Re: Text File problem - VC++ MFC Studio 2008 MFC app

From:

"Tom Serface" <tom.nospam@camaswood.com>

Newsgroups:

microsoft.public.vc.mfc

Date:

Tue, 16 Sep 2008 11:14:50 -0700

Message-ID:

<87562353-5AB9-451F-AB52-122D121721E7@microsoft.com>

I agree. A BOM should be required and is even specified by Microsoft.

Tom
"Giovanni Dicanio" <giovanniDOTdicanio@REMOVEMEgmail.com> wrote in message
news:%236s9Zh%23EJHA.4104@TK2MSFTNGP04.phx.gbl...

Hi Tom,

"Tom Serface" <tom.nospam@camaswood.com> ha scritto nel messaggio
news:A416EB5B-6AC7-4370-A6EE-ADEF45CC74AB@microsoft.com...

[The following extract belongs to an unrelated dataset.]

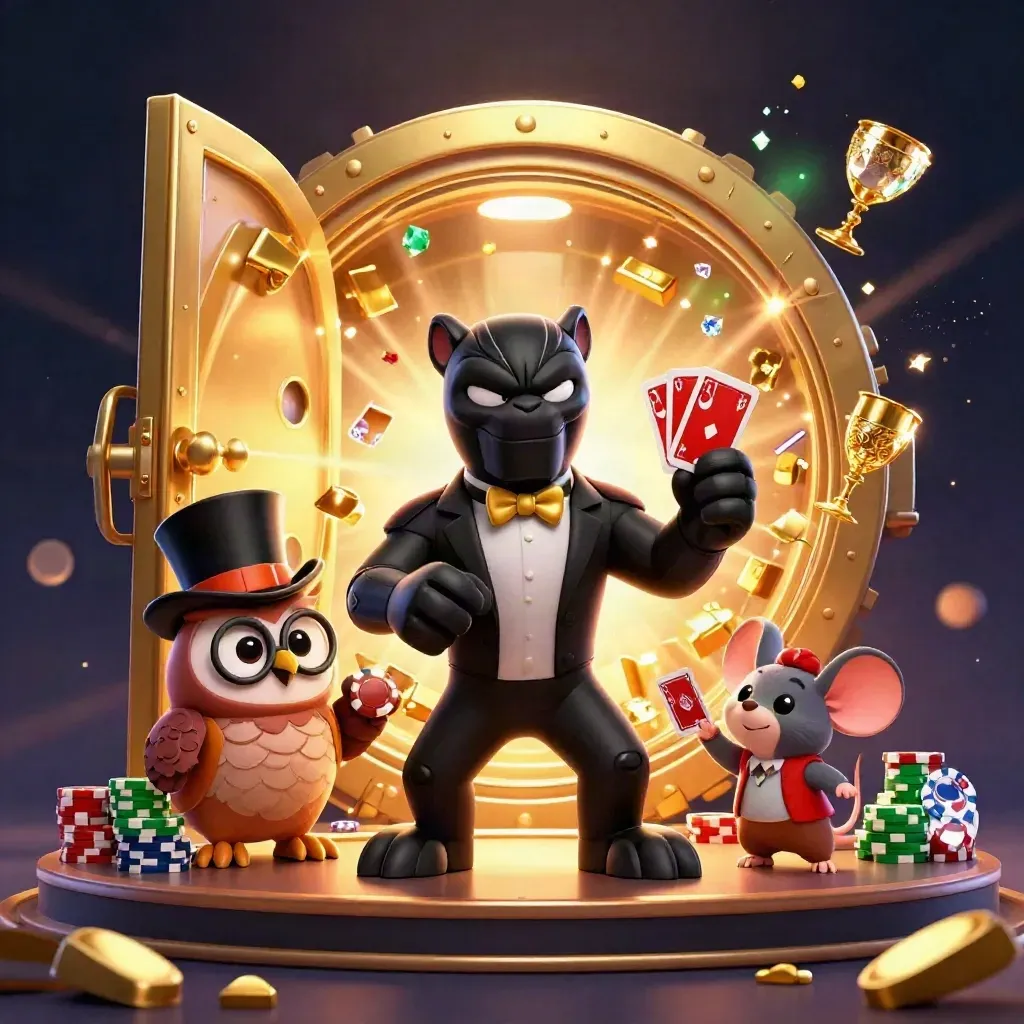Black panther, owl and mouse burst from a treasure vault amid gold and gems.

In addition to what others have written, if you are using CStdioFile you
should use WriteString and ReadString. How did you look at the file.

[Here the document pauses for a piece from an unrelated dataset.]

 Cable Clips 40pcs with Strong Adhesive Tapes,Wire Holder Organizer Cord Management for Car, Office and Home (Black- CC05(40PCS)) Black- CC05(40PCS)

I still don't trust CStdioFile to write text to files...

I tried this simple MFC code snippet using VS2008, in Unicode mode:

<code>

   CStdioFile outFile;
   if ( ! outFile.Open( L"test.txt",
         CFile::modeCreate | CFile::modeWrite | CFile::typeText ) )
   {
       AfxMessageBox( L"Error opening file" );
       return;
   }

   outFile.WriteString( L"Ciao\n" );
   outFile.WriteString( L"Poich?" );

</code>

Then I opened the file with Cygnus Free Edition in binary mode, and I
found that file bytes are (hex): 43 69 61 ... E9.
There are 12 bytes in total. That means that the text was not written in
Unicode UTF-16, because in UTF-16 there are 2 bytes for each character.
Moreover, there is no BOM (which should be required for UTF-16, e.g. to
identify if it is using UTF-16 LE or BE).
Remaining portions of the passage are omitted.